Everyone has heard of Photoshop. I started using it in school in 1990 – version 2. Little did I know that my world of photography with film and my fabulous chemical darkroom containing potassium ferricyanide + many more gnarly chemicals (don’t worry dad, I always wore a chemical respirator mask), would now be replaced with stupidly expensive digital cameras, a massive Mac tower computer with three drive in it, two 30″ Apple monitors (which are no longer made by the way, and the closest to them that I can find are made by Eizo for a whopping $3000 each! and that’s for a 27″ not a 30″, lord help me when my monitors die!) and a large format printer (epson preferred) + Photoshop being used every day.
The way we shoot commercially has totally changed. In the days of film we had to get the shot as perfect as we could. Now, the saying, “oh, we’ll fix it in post” is unfortunately the answer to everything. That being said, shooting digitally now can also enable us to create shots that were soooo difficult in the days of film but much easier now knowing we will “finish it in post”.
Here is an example. This finished shot seems simple enough, right? You slap a biscuit on the white table and start pouring honey on it and just get a great shot.

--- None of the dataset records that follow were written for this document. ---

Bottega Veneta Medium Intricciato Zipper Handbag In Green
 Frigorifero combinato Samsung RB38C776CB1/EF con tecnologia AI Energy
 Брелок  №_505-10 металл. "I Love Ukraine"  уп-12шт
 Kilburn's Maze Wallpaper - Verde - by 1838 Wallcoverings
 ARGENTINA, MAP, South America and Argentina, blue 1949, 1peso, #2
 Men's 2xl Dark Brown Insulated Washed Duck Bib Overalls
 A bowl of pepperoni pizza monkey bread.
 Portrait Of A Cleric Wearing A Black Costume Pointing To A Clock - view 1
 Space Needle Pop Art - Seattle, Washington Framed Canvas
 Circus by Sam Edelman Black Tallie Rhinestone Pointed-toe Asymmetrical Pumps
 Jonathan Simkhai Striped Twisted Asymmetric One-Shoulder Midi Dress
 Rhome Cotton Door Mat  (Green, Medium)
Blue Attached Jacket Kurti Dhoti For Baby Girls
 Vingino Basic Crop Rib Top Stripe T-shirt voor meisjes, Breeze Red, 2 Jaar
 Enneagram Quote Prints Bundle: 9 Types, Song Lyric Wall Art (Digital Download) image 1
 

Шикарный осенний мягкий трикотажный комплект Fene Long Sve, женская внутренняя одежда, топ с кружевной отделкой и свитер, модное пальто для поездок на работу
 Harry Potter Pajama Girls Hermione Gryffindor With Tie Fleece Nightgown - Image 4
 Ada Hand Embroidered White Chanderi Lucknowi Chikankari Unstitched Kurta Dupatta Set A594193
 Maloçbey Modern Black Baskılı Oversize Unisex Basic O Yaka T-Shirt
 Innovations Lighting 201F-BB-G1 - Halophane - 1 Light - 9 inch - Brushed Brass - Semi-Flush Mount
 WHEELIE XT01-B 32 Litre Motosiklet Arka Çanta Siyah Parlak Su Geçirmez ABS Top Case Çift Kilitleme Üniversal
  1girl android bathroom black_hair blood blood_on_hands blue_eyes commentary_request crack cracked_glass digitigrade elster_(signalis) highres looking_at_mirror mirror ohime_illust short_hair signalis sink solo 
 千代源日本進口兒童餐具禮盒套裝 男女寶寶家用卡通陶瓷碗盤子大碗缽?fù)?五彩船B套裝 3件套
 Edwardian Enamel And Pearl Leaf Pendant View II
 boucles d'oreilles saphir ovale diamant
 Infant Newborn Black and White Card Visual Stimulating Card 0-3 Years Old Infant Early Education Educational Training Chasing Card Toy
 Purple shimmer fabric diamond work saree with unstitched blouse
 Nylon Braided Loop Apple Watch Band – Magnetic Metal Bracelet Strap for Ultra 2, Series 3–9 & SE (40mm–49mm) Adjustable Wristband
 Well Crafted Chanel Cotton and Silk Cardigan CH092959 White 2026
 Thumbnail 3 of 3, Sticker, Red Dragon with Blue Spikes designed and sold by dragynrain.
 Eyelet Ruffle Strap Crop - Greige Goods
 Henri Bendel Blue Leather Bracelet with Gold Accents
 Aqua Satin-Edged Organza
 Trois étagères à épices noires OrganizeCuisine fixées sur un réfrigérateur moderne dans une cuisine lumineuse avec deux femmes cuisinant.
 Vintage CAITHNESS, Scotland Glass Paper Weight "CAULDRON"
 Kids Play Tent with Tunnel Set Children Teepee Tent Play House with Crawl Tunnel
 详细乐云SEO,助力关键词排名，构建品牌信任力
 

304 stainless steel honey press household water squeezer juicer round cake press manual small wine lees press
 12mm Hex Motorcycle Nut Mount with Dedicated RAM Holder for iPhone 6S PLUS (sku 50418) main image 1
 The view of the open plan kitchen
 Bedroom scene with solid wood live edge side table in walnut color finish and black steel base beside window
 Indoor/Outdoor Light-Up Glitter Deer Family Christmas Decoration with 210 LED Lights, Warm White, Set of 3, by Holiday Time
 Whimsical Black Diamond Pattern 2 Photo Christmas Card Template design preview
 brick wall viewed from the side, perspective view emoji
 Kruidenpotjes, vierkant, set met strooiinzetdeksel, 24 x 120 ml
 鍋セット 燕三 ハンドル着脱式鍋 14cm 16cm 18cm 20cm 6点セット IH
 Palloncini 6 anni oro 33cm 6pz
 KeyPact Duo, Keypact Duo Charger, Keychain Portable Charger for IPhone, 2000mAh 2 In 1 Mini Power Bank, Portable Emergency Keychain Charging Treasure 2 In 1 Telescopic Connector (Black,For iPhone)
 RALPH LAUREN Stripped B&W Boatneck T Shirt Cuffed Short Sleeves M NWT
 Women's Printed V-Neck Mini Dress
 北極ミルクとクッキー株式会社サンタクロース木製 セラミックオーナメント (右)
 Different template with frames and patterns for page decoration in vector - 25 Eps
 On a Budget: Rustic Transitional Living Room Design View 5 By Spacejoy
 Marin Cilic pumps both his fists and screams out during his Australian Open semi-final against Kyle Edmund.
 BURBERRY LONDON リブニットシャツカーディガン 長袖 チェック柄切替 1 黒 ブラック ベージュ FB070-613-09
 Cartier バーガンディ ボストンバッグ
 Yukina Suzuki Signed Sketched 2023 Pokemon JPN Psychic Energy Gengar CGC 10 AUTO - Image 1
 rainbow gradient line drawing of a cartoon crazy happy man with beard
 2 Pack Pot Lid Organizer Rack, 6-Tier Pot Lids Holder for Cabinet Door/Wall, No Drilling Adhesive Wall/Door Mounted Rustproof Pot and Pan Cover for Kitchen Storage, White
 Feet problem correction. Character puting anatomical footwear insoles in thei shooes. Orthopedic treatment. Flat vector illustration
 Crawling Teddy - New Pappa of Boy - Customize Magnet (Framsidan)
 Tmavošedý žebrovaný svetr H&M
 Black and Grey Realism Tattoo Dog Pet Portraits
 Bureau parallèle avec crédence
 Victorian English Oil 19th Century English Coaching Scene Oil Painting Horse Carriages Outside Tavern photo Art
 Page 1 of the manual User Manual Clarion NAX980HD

Sorry, that is not how this happened. This shot is actually a composite of four images. These four images where the selects (favorite images of 103 shots) that I shot in about 1 hour. You can see the “selects” below.
The image on the left is my base image – I’m using the biscuit and all the honey that’s on it. Then with the image on the right the only thing I am using is the big drip on the left. You can see this is actually a different biscuit.
The shot on the left was only used for the beautiful honey base as it hit the biscuit. The shot on the right was only used for the honey column as it poured over the biscuit. Notice the lovely honey pond surrounding the biscuit. I think we went through 5 large bottles of honey that day. Each bottle was put into the squeeze bottle on the left and we had to cut the nib of the bottle to get the size of the column we wanted.
I put all of these together with Photoshop using layer masks and stacking the layers in the image and erasing away the parts I did not want. This is an advance technique but there are tons of tutorials about it online if you google it. I probably spent about 1 hour putting the four files together.
So if you are trying to do a shot like this on your own and are struggling with it, please know, the way they do it is with multiple shots pieced together to look seamless, as if its one shot.